THIS FIXED MY PROBLEM... i put some isolating tape on the top part so the foil will never touch again... be sure you put in something fireproof... you wouldn't want your notebook to burst into flames next time you charge.



retrogr8 said:


> My experience is the DELL INSPIRON 1000.
> 
> Same issues that all of you experienced.
> 
> ...


----------



## Jimmyg22 (Apr 4, 2008)

wow i forgot about this thread... well i just had another go at my laptop, took it out of the closet brushed the dust off of it lol and opened it up went to do as samov said and cut a peice of the metal thing off, but i first tested the screen to see if it went black when i bent it, while doing this multiple times i noticed that it only crashed if i put my hand on the side of the screen where the power jack is but if i closed the lid from the right side no problem i could bend it all the way back and forth no problem but as soon as i bent it from the left side the screen went black and i had to hard reset. hope this helps


----------



## samov (Aug 4, 2008)

wish i had taken a picture when it was opened up...

What i did is actually wrap the whole charging connector in black electrical tape... being careful... not to leave any part of it exposed...

IT IS FIXABLE... try harder... after what i did... i open and closed it "violently" from all sides... ROCK SOLID... no resets...


----------



## Kaicho (Feb 27, 2009)

I was sure the Dell was fixable. It had been stuck in the loft for 2 years but as I didn't have a laptop since my absolutely appalling Fujitsu Siemens Amilo's motherboard went kaput after only 13 months of use and I wasn't prepared to pay £600 to get it fixed (DO NOT buy Fujitsu!) I thought what the heck. If I break it I break it.

I finally narrowed down to the left hand side where the power cable resides. I noticed when pressure was applied it would go. Pressure to the right resulted in no failure.

So I proceeded in pulling apart. The procedure briefly is power pack, screen, power button casing, left metal casing under keyboard, disconect screen and remove to safety unscrewing 'D' screws. Carefully lift catches of the keyboard and mouse sockets and put aside. Procede in removing all 'P' screws (two inside hard drive compartment) and take the top off.

The problem lies in the alluminium tape that covers the power housing and lid bracket housing. You will notice that through wear and tear caused by the opening/shutting of the lid the metal under the alluminium is exposed. I carefully cut a strip of thick, alluminium foil (1.5cm x 3.5cm approx) and carefully wrapped it around the bracket casing and down over the power housing making sure it was tightly folded and secure. I then pricked the screw hole in the bracket housing with a dart (or use a pin or needle) and carefully put the lid back on. Then follow deconstruction in reverse.

The computer now works and the lid/screen can be used without worry.

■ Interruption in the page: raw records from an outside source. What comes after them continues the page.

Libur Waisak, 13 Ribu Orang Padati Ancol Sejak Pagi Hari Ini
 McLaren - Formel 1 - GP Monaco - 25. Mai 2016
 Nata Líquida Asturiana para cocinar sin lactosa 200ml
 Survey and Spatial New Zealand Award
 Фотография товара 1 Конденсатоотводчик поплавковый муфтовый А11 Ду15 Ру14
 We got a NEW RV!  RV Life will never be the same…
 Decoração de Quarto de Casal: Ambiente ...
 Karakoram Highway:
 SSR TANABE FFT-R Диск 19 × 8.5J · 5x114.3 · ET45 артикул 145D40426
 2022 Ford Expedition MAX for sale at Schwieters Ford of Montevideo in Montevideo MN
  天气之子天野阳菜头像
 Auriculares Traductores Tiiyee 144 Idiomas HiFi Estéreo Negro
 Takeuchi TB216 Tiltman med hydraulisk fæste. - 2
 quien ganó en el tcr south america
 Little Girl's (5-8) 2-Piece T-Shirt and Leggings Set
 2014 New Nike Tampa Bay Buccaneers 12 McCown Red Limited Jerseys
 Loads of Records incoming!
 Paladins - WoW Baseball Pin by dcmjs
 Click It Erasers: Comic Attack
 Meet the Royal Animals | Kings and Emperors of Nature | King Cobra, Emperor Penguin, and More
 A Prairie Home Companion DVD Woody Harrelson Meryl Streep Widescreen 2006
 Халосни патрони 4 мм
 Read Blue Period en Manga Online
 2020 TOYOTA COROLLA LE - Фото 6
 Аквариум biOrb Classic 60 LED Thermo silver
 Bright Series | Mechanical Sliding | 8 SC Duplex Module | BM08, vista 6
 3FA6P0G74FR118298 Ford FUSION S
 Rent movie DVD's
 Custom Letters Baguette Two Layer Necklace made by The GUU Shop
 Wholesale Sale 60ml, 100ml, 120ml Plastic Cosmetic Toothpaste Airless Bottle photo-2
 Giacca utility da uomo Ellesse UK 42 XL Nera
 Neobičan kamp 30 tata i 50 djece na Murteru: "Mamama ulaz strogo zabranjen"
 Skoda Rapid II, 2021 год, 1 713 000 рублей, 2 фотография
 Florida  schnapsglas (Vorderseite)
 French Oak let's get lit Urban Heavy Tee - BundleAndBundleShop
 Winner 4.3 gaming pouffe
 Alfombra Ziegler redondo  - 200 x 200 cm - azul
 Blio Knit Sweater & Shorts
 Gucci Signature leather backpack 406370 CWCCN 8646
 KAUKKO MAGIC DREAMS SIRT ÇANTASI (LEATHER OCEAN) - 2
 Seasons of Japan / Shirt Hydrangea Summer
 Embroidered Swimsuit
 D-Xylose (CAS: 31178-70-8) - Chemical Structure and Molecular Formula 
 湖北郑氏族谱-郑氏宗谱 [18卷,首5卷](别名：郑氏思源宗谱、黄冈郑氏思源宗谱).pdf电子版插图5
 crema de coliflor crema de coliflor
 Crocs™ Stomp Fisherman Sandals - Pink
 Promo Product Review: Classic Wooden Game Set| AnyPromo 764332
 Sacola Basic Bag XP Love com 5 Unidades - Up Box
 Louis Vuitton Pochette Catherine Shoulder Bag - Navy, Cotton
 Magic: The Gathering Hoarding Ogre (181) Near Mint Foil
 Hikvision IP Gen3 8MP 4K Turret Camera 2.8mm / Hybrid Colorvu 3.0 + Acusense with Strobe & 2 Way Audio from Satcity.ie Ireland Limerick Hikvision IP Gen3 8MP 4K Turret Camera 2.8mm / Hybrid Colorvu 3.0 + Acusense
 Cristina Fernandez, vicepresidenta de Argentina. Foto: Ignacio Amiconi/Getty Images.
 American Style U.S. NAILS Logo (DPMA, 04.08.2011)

edit: It's pretty obvious but I thought I should be more specific. The foil strip is stuck to lid. Therefore it's important to make sure the foil cover is tightly attached.


----------



## Chucka' Rod (May 24, 2009)

2 years+ later and this thread is still helping people! Fixed my 1000 that i refused to throw away almost a year ago! Good stuff. I covered the A/C adapter with a piece of blue electrical tape and also trimmed the corner of the cover where is was contacting the flex cable for the LCD screen.


----------



## Chucka' Rod (May 24, 2009)

:normal:


----------



## samov (Aug 4, 2008)

don't forget to cover that up so it will not slice through the cable...

good job!


----------



## kisforkompresso (Sep 6, 2010)

I just wanted to drop a note and say Thank you for making this post along with the pictures and everyones findings. Especially the discovery regarding the foil touching the powerjack and the iffy grounding point for the monitor.

You'll be happy to know that your post is still helping people who are still having problems from this apparent design flaw with the Inspiron 1000 screens going black when handling them.

This post has saved me hours of troubleshooting working on my GF's laptop and just wanted to mention it.

ray:


----------